Any expression that isn’t the exact form "= variableName" ("=requestId", "= request.Id", "= upper(requestId)") falls through and is looked up as a literal variable name, then throws InvalidOperationException at runtime when not found. Real Zeebe-style FEEL expressions are silently broken. The fixture used in our load tests happens to use the supported form, so we never hit it — but other BPMN you import almost certainly won’t.

Sizing recommendations

In priority order, based on what we measured:

#	Action	Why
P0	Bigger silo CPU. 0.5 vCPU is too small. Move to 1 vCPU / 2 GiB minimum, ideally 2 vCPU.	Silo CPU is the first thing that pegs on Azure.
P1	Add PgBouncer between silos and Postgres. EF Core opens a connection per `DbContext`; under burst this exhausts `max_connections`.	The local Docker run failed at this exact wall (97 % errors).
P2	Bigger Postgres SKU. Burstable B2s is fine for the events case at low VU; for sustained 500 VU+ pick General Purpose D2ds_v5 or larger.	Removes the secondary cliff that follows P0.
P3	Switch to a non-memory stream provider. `Fleans__Streaming__Provider=Kafka` or `Fleans__Streaming__Provider=AzureQueue` once you’re past 1 silo.	The memory default silently drops cross-silo events.
P4	Pre-warm before measurement. The first 30 s of each run mixes engine ramp-up with cold-start grain activation.	Cleaner reported tails.

Reproducing the runs

Both report files include a “How to reproduce” section that lists the exact az/docker commands. The Locust scripts under tests/load/locust/ are uploaded directly to Azure Load Testing as the test plan; the k6 scripts under tests/load/scripts/ are run locally against either the Aspire stack or tests/load/generated/docker-compose.yml.
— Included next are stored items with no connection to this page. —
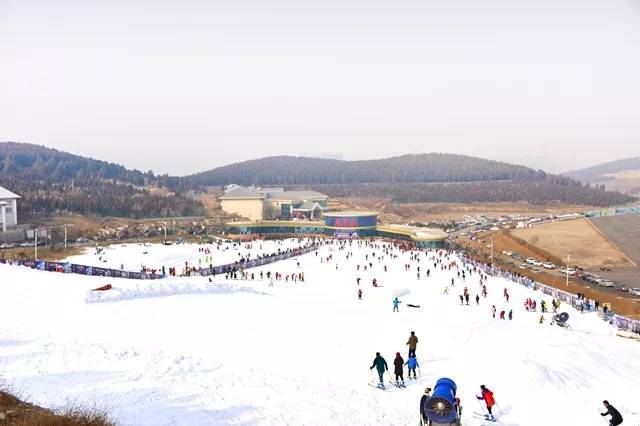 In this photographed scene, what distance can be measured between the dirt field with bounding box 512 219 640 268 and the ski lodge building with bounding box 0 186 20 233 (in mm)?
50679

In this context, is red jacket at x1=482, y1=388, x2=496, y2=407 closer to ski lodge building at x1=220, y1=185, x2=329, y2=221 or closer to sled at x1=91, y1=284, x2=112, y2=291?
sled at x1=91, y1=284, x2=112, y2=291

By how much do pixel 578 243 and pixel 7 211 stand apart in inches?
2277

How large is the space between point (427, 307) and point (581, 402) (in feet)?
31.8

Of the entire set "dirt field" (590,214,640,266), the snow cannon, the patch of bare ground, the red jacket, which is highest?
the patch of bare ground

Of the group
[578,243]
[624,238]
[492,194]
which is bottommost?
[578,243]

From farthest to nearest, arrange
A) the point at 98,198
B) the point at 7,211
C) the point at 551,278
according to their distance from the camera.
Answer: the point at 98,198 → the point at 7,211 → the point at 551,278

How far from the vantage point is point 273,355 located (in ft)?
37.8

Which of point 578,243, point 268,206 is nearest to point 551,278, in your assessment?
point 578,243

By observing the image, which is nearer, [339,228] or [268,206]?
[339,228]

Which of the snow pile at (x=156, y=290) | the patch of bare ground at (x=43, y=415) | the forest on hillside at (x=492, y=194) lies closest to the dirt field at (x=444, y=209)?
the forest on hillside at (x=492, y=194)

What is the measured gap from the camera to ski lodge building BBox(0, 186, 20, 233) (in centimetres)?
5196

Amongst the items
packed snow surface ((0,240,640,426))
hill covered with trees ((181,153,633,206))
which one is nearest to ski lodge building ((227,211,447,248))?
packed snow surface ((0,240,640,426))

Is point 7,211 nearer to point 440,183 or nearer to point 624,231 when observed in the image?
point 624,231

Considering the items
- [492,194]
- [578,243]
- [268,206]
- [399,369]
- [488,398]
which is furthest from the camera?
[492,194]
For the Azure run specifically, you’ll need:

Azure subscription with access to Microsoft.ContainerRegistry, Microsoft.DBforPostgreSQL, Microsoft.Cache, Microsoft.App, and Microsoft.LoadTestService resource providers (auto-register on first use).
Either local az CLI (Python 3.13 may have a pyexpat issue depending on platform; if so, use mcr.microsoft.com/azure-cli from Docker), or just the Azure portal.
The released fleans-api container image, re-tagged into your ACR. docker pull the image from ghcr.io/nightbaker/fleans-api:<version>, then docker tag + docker push it to your ACR (e.g. myacr.azurecr.io/fleans-api:<version>). Optionally verify the upstream image via cosign verify first (see Self-host with Docker Compose for the canonical command).
Terminal window
```
VERSION=v0.1.0-beta
ACR=myacr.azurecr.io
docker pull ghcr.io/nightbaker/fleans-api:$VERSION
docker tag ghcr.io/nightbaker/fleans-api:$VERSION $ACR/fleans-api:$VERSION
docker push $ACR/fleans-api:$VERSION
```
Add fleans-web only if you also want the management UI in Azure — it isn’t strictly needed for the tests themselves.

Estimated cost: ~$3 / day idle for the resource group, ~$5 in test runs.